Define your Distance
Which races to sign up for? First, decide what distance you want to focus on this year. If you’re new to triathlon, start with a sprint distance. If you have an endurance background, then you might enjoy an Olympic distance triathlon. Perhaps you want to improve in the 70.3 distance? In that case, start with a few spring duathlons and Olympic distance triathlon or two, and by late spring/early summer, you’ll be ready to race your first of several half Ironman races.
Each and every race you register for must have a purpose. For example, if your goal distance is a half ironman, then select which races you want to peak for. Ideally, they’ll be 3-4 months apart. Since you will want to give your best effort in the A race, make sure to schedule supporting races to test your fitness beforehand. These are your B races, and you won’t be completely tapered for them. You might also sign up for races that are convenient and fun, but that you can do without worrying to much about your finish times. Let’s call those your C races.

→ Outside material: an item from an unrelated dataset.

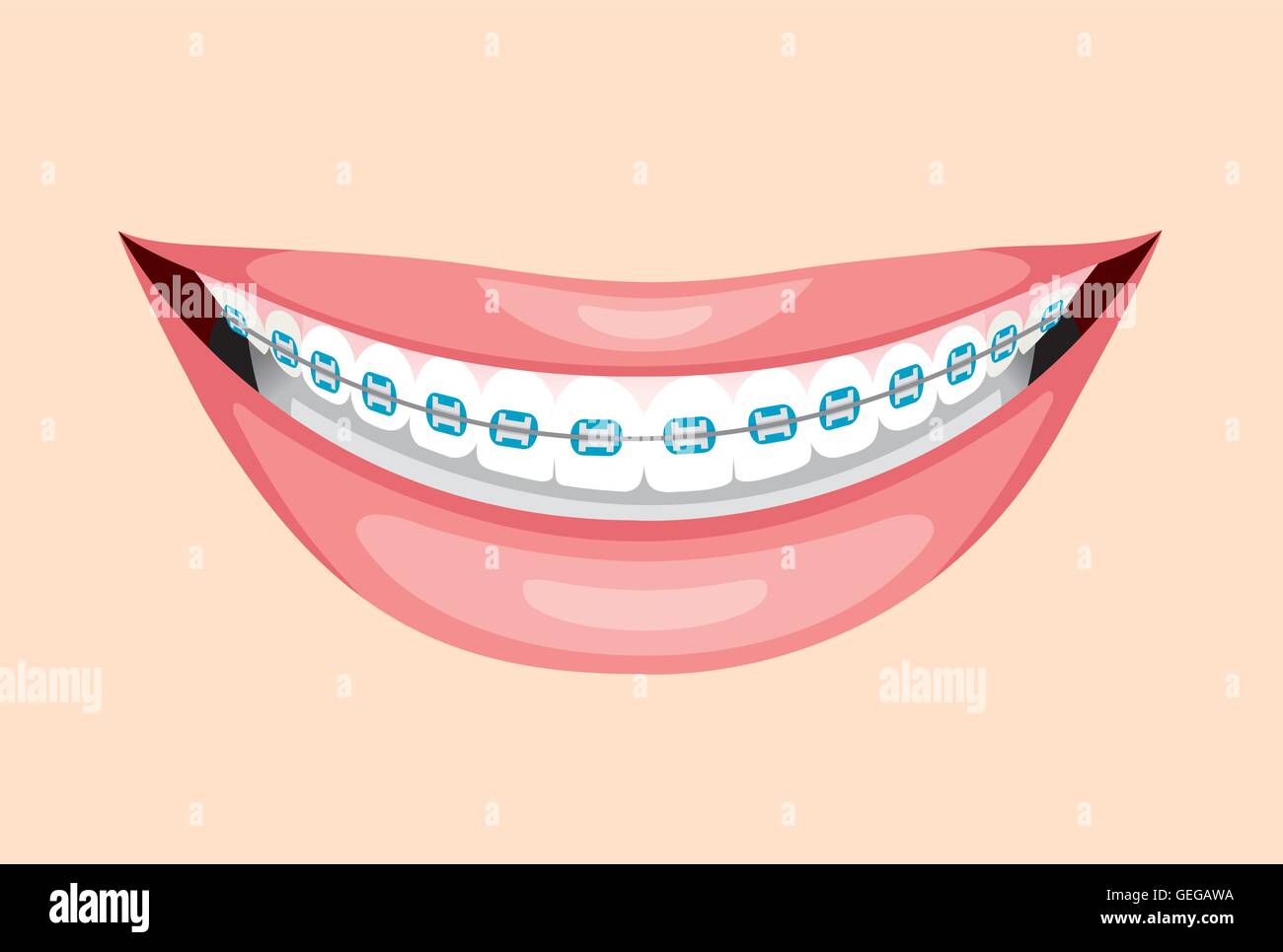 Bel sorriso con denti bretelle, medico, dentista, ospedale, Checkup, paziente, igiene, sani e di trattamento Illustrazione Vettoriale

To review, plan the A race schedule first, then B races as supporting training, and C races early or late in the season as fun fitness events.
Other Important Factors
Time of Year: Consider the support you will need from family or friends, and the time away from work and family you’ll need for training/racing. It takes a team to nurture an athlete and a support system to provide motivation and encouragement when training gets tough. So plan wisely and choose a time when you will have optimal support and time to prepare adequately.
Climate and course: These are critical factors when selecting an A race. Do you perform best in hot and humid climates, or in cooler weather? You can’t control the weather, but you can reduce your odds of poor performance by choosing races in your preferred climate. Keep the training cycle in mind, too. Will you be training indoors or outdoors, and how does that jive with your life and training preferences?
In terms of a run and bike course, do you prefer flat, rolling, or hilly? High altitude or low? What kind of surface do you like to race on? For a swim race, keep the setting (lake, ocean, or pool), conditions (water temperature), start style (beach, mass, wave), and rules (wetsuit legal or non-wetsuit legal) in mind.
Travel: If this is a vacation destination race involving multiple time zones, allow 1 day per time zone to acclimate before the race and anything else that might affect your performance on race day.
Training plan: How will you train and prepare for your A race(s). Will you use a pre-built training plan, hire a coach, or create your own plan? Think about off-season and periodized training cycles so you can best utilize your time and achieve optimal fitness gains with the amount of time you can dedicate to training each week.
Training partners/groups: It can be helpful to join a group swim-bike-run to break up the monotony and add some spice to your training. Consider how you can incorporate a master swim session or a group ride or long run at least once a week. It will keep you accountable—and you might even make some new friends.
On Your Mark, Get Set, Goal
Signing up for a race is a big commitment. Performing your best on race day takes money, time, and dedication, but specific performance goals will motivate you to wake up each day ready to train and do your best. Stay focused, but be gentle on yourself, too. Training when you’re sick, missing out on family time, or falling behind at work will only add more stress and hinder your performance.
Most importantly, enjoy the journey and remember that your successes happen both on and off the race course. No matter what happens on your big day, be joyful and grateful to your body—it does amazing things. Smile, do your best, and have fun!